── DATA SHOWN ──

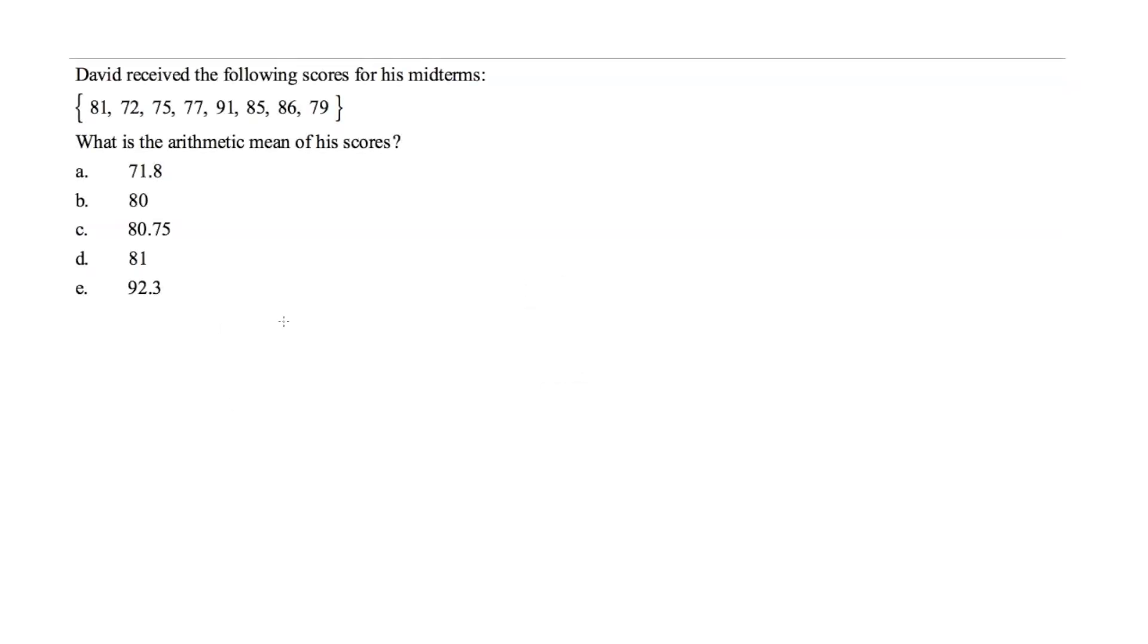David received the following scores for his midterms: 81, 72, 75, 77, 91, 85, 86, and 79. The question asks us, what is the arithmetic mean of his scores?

───
── DATA SHOWN ──

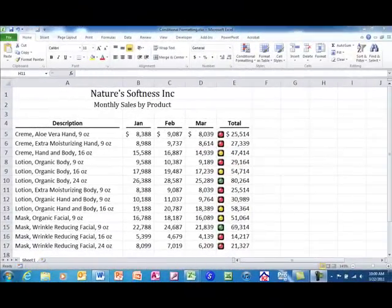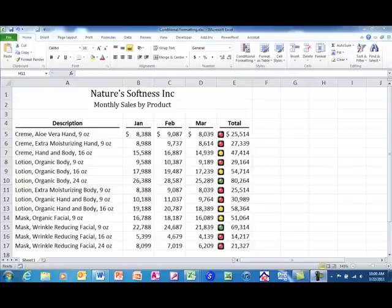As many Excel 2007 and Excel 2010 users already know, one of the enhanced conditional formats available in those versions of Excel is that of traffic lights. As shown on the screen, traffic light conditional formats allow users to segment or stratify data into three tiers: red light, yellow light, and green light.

───
── DATA SHOWN ──

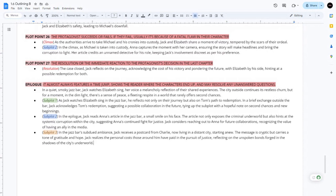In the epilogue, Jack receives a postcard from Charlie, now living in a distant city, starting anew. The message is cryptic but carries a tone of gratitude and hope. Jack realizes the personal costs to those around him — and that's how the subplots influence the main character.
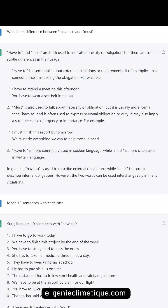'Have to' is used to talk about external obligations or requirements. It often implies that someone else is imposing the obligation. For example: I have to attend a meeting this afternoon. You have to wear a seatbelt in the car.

───

WHAT IS REQUIRED: Range to copy from the listing above: the line with "In the epilogue, Jack" through the line with "in the car.". Transcribe it exactly and skip the pictures.

ANSWER TO THE PROBLEM:
In the epilogue, Jack receives a postcard from Charlie, now living in a distant city, starting anew. The message is cryptic but carries a tone of gratitude and hope. Jack realizes the personal costs to those around him — and that's how the subplots influence the main character.
'Have to' is used to talk about external obligations or requirements. It often implies that someone else is imposing the obligation. For example: I have to attend a meeting this afternoon. You have to wear a seatbelt in the car.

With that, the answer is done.